Of course, surfacing and applying the insights of our own community is not something we do often – perhaps because so many of us secretly agree with Thomas Carlyle, who famously said: “I do not believe in the collective wisdom of individual ignorance.”

The thing is, Carlyle was wrong. As New Yorker business columnist James Surowiecki writes in his 2004 bestseller The Wisdom of Crowds, “If you put together a big enough and diverse enough group of people and ask them to make decisions affecting matters of general interest, that group’s decision will, over time, be intellectually superior to the isolated individual.”
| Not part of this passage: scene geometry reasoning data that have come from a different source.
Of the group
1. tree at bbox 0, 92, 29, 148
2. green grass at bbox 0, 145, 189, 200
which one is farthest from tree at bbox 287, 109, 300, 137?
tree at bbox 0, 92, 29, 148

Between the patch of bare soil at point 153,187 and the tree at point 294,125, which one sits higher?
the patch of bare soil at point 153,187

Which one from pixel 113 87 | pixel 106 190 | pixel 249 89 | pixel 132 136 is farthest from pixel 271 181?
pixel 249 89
In other words, when our imperfect individual judgments are aggregated in the right way, our collective intelligence is often extremely helpful. That’s why Surowiecki suggests, “we should stop hunting and ask the crowd. Chances are, it knows.”

In fact, that’s exactly what Mr. Catania is doing – hunting. It’s an impulse so common sociologists have given it its own name: “Chasing the Expert,” which references our tendency when facing difficult decisions to search for that one person (or small group of people) who will have the answer.
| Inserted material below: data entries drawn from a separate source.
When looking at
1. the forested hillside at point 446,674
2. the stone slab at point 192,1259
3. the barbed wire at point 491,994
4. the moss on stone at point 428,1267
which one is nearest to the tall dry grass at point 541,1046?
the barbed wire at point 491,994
What Surowiecki discovered was that the opposite was true, but only if the core conditions of making a good large-group decision were present: diversity, independence, and a particular form of decentralization. “Paradoxically,” he writes, “the best way for a group to be smart is for each person in it to think and act as independently as possible.”

Imagine if instead of seeking outside funds to hire a small team of lawyers, Catania had announced a citywide initiative in which the best wisdom around crowdsourcing would be utilized in order to help the entire community arrive at a thoughtful, informed collective decision around the future of education policy? After all, politics is about the impact of government on the everyday lives of citizens. Why do we think the way to do it well is by distancing ourselves from the voices of the citizens themselves?

Indeed, the most damning implication of Mr. Catania’s decision is his inattention to the mechanisms of democracy, to the wisdom of the community, and to the regenerative power of combining both in an effort to improve public education. As Surowiecki writes, democracy “is not a way of solving cognition problems or a mechanism for revealing the public interest. But it is a way of dealing with (if not solving once and for all) the most fundamental questions of cooperation and coordination: How do we live together? How can living together work to our mutual benefit?”

“The decisions that democracies make may not always demonstrate the wisdom of the crowd,” Surowiecki concedes. “But the decision to make them democratically does.”